[[ DATA, beginning ]]

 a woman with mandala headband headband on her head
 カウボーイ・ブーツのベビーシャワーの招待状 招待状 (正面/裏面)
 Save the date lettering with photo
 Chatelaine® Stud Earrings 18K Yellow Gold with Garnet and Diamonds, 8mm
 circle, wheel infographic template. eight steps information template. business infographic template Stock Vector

[[ DATA, end ]]
[[ DATA, beginning ]]

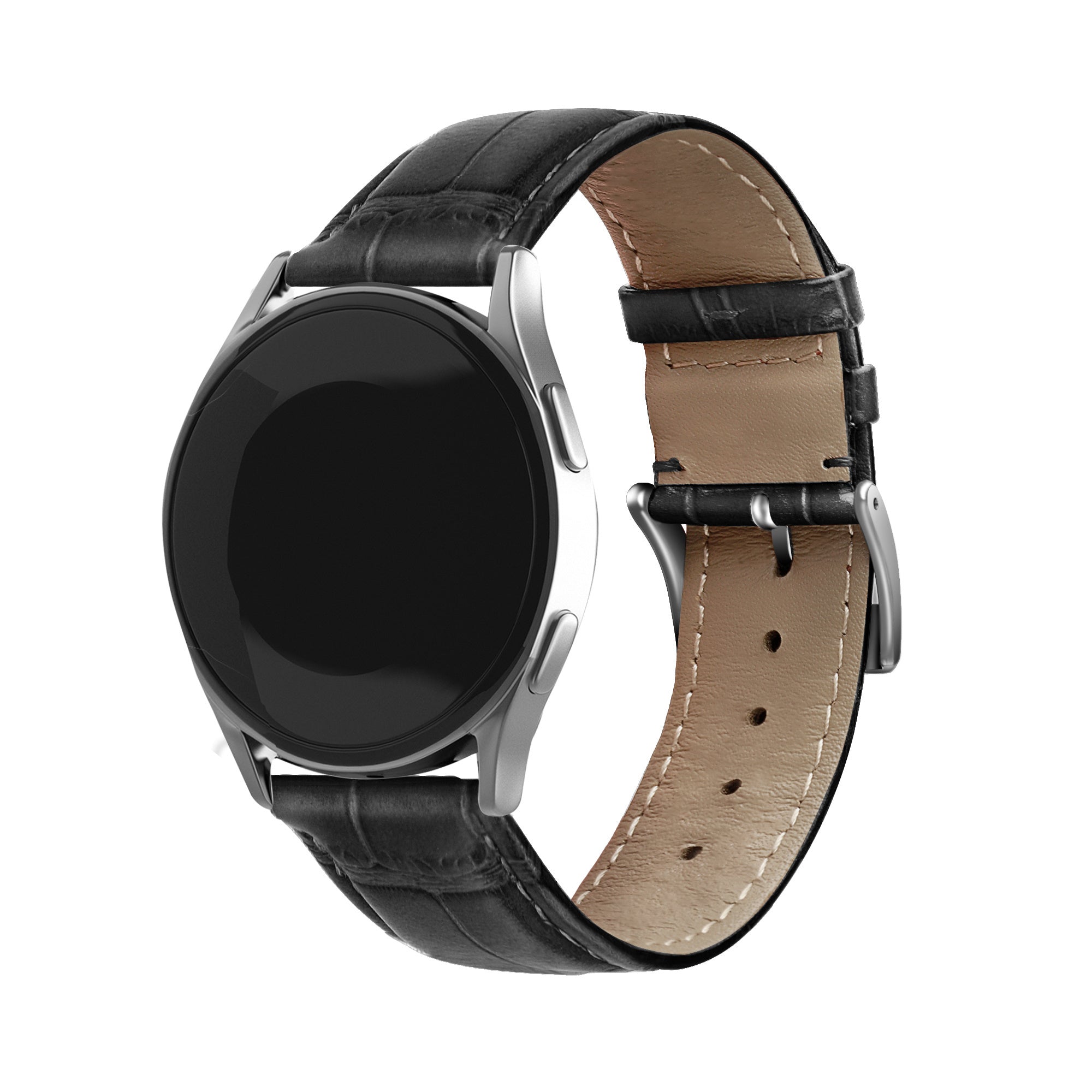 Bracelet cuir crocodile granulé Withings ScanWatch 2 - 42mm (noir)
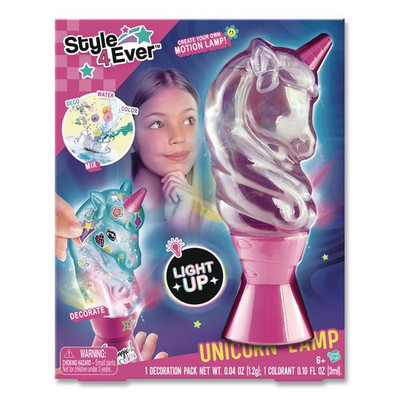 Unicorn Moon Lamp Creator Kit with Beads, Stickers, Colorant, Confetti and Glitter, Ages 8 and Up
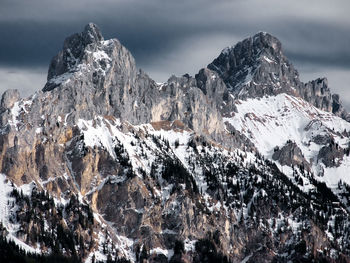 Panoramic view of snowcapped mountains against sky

[[ DATA, end ]]
[[ DATA, beginning ]]

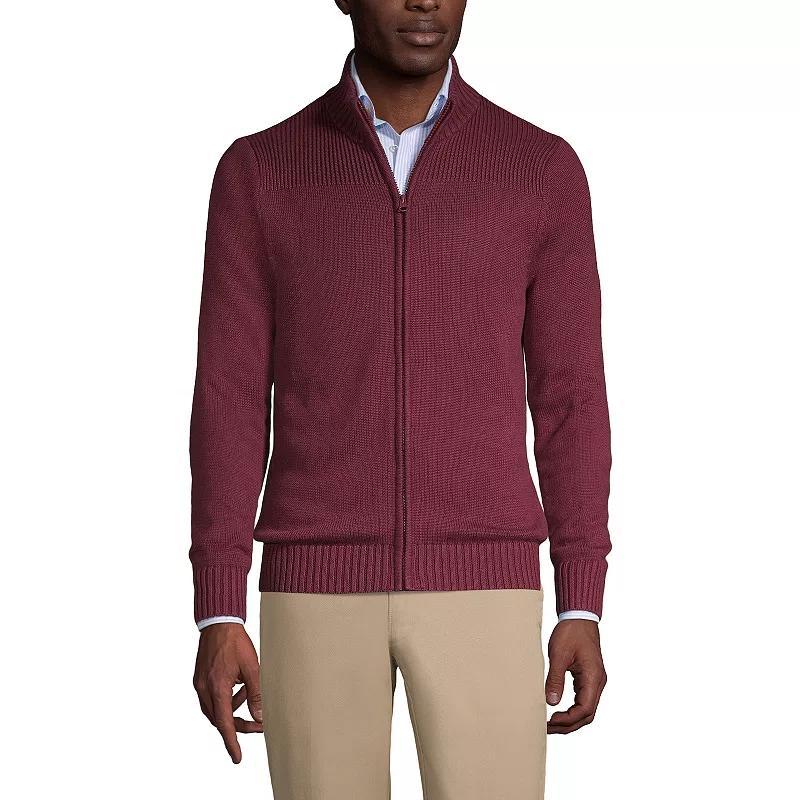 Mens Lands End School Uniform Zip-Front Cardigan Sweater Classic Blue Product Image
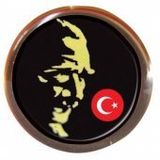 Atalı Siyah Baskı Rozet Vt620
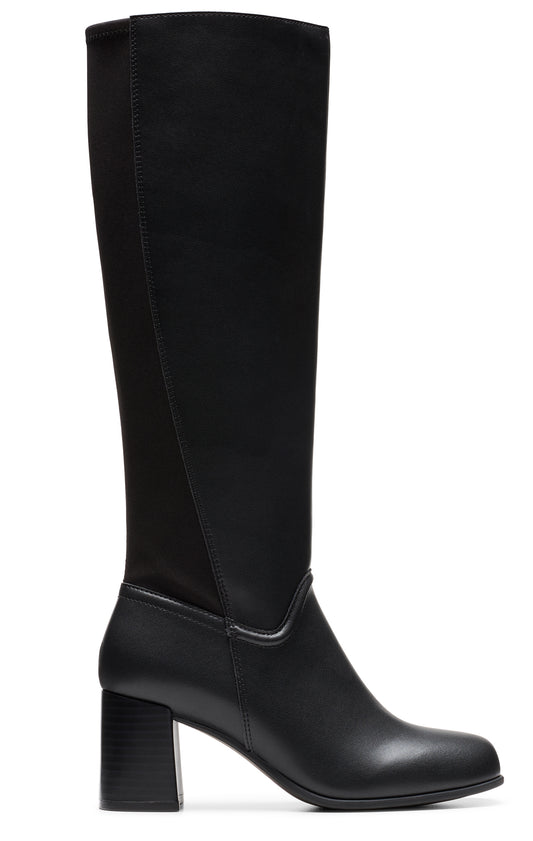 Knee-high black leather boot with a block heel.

[[ DATA, end ]]

**WORK TO COMPLETE:** In the records above, find the line with "Mens Lands End" and the line with "Knee-high black leather"; please transcribe exactly those two lines and all lines between them, omitting any picture.

**EXPECTED OUTPUT:**
 Mens Lands End School Uniform Zip-Front Cardigan Sweater Classic Blue Product Image
 Atalı Siyah Baskı Rozet Vt620
 Knee-high black leather boot with a block heel.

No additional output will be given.